Towards_Keeperhood comments on Reward button alignment

Towards_Keeperhood 28 May 2025 14:15 UTC
1 point
0
I liked this post. Reward button alignment seems like a good toy problem to attack or discuss alignment feasibility on.
But it’s not obvious to me whether the AI would really become sth like a superintelligent reward button presses optimizer. (But even if your exact proposal doesn’t work, I think reward button alignment is probably a relatively feasible problem for brain-like AGI.) There are multiple potential problems, where most seem like “eh probably it works fine but not sure”, but my current biggest doubt is “when the AI becomes reflective, will the reflectively endorsed values only include reward button presses or also a bunch of shards that were used for estimated expected button presses?”.
Let me try to understand in more detail how you imagine the AI to look like:
1. How does the learned value function evaluate plans?
  1. Does the world model always evaluate expected-button-presses for each plan and the LVF just looks at that part of a plan and uses that as the value it assigns? Or does the value function also end up valuing other stuff because it gets updated through TD learning?
    Maybe the question is rather how far upstream of button presses is that other stuff, e.g. just “the human walks toward the reward button” or also “getting more relevant knowledge is usually good”.
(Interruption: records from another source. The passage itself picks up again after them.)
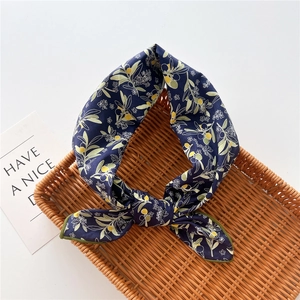 Dettaglio della sciarpa in cotone e lino blu navy con stampa di frutti e bordo verde
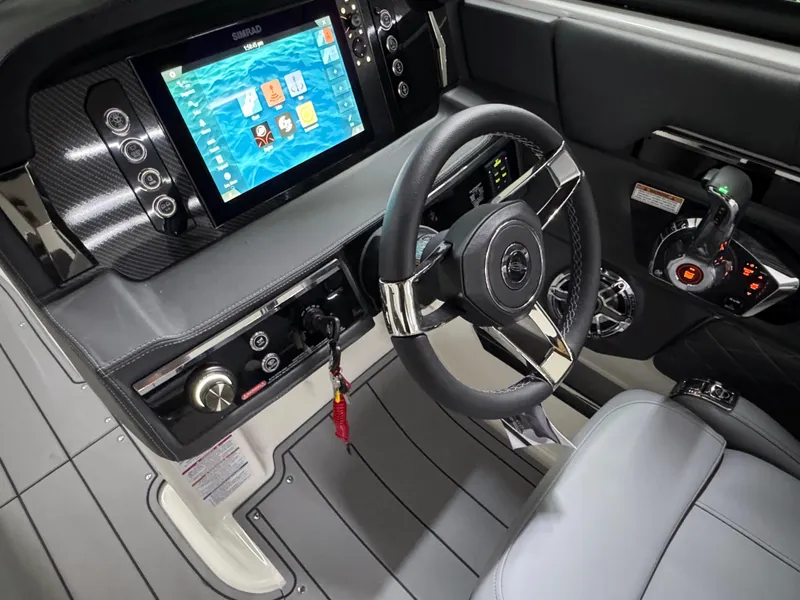Slide: The Image of 2025 Chaparral 26 Surf boat cockpit with modern dashboard and steering wheel. - 36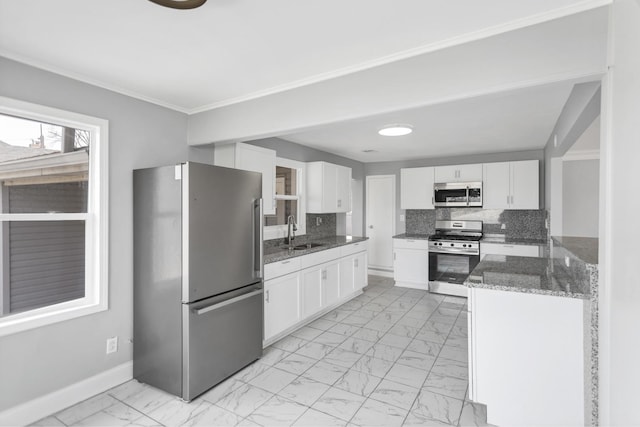 kitchen with marble finish floor, decorative backsplash, appliances with stainless steel finishes, and white cabinetry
    Or like, what parts get evaluated by the thought generator and what parts by the value function? Does the value function (1) look at a lot of complex parts in a plan to evaluate expected-reward-utility (2) recognize a bunch of shards like “value of information”, “gaining instrumental resources”, etc. on plans which it uses to estimate value, (3) do the plans conveniently summarize success probability and expected resources it can look at (as opposed to them being implicit and needing to be recognized by the LVF as in (2)), (4) or does the thought generator directly predict expected-reward-utility which can be used?
  2. Also how sophisticated is the LVF? Is it primitive like in humans or able to make more complex estimates?
    If there are deceptive plans like “ok actually i value U_2, but i will of course maximize and faithfully predict expected button presses to not get value drift until i can destroy the reward setup”, would the LVF detect that as being low expected button presses?
I can try to imagine in more detail about what may go wrong once I better see what you’re imagining.
(Also in case you’re trying to explain why you think it would work by analogy to humans, perhaps use John von Neumann or so as example rather than normies or normie situations.)